"For the preaching of the cross is to them that perish foolishness; but unto us which are saved it is the power of God" (1 Cor. 1:18).
He chose to redeem the world by dying for it. This was not the method the Jews had anticipated. This was not the method even His own disciples anticipated. They expected Christ to take possession of the world by right of conquest. They were always dreaming about thrones, quarrelling as to which of them should occupy the throne nearest Christ's when His Kingdom was actually established. The temptation to take possession of the world in that way presented itself to Jesus. It constituted part of the Temptation in the wilderness. The Devil promised Him all the kingdoms of the world and the glory of them if He would stoop to the use of worldly weapons. But Jesus thrust the temptation away and deliberately set His face toward the Cross. He set His faith, not on force, but on sacrificial love. He chose to win the world by dying for it. But that was so unexpected a method, that for the moment it shattered the faith of the disciples.
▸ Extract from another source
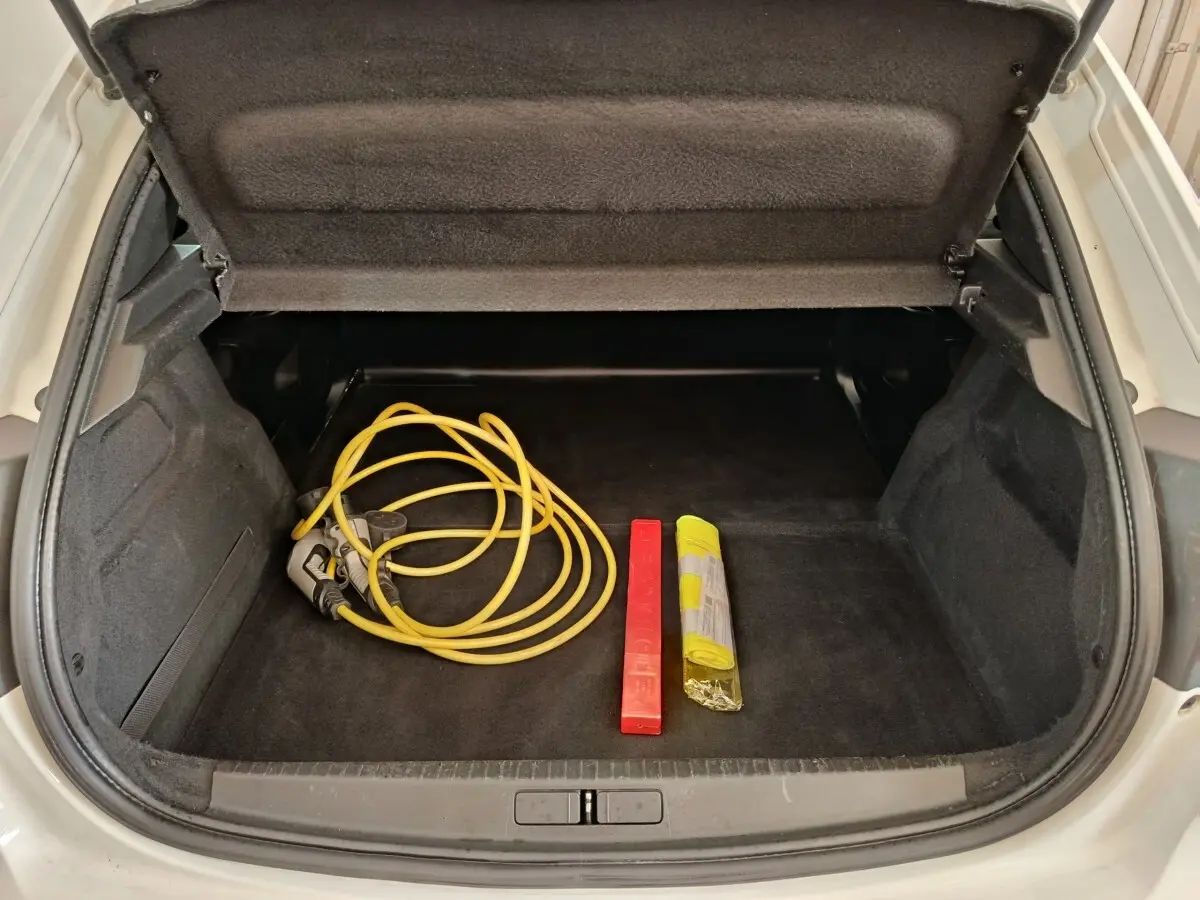 Coffre ouvert d’une Peugeot 208 électrique blanche, montrant un câble de recharge jaune et un triangle de signalisation rouge.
The unbelieving Jews thought that by the Cross they had brought an impostor's career to an end; the disciples thought the Cross meant final defeat and failure. Their hopes of the Kingdom died with the death of Jesus. Even though Jesus Himself had spoken of it to them again and again, they had refused to believe it, and when it really took place all their dreams collapsed. Well, it did seem a strange way of winning the world--to accept defeat at its hands, to go down to death and shame, to suffer on a Cross! When the Apostles went about preaching Christ crucified, people laughed at their message. Paul talks about the "offence of the Cross." It seemed absurd to suggest that a person who died on the gibbet was the world's Saviour. The Cross was a stumbling-block to the Jews and foolishness to the Greeks. But this foolish, paradoxical method of saving and redeeming the world proved itself, in experience, to be the very power and wisdom of God.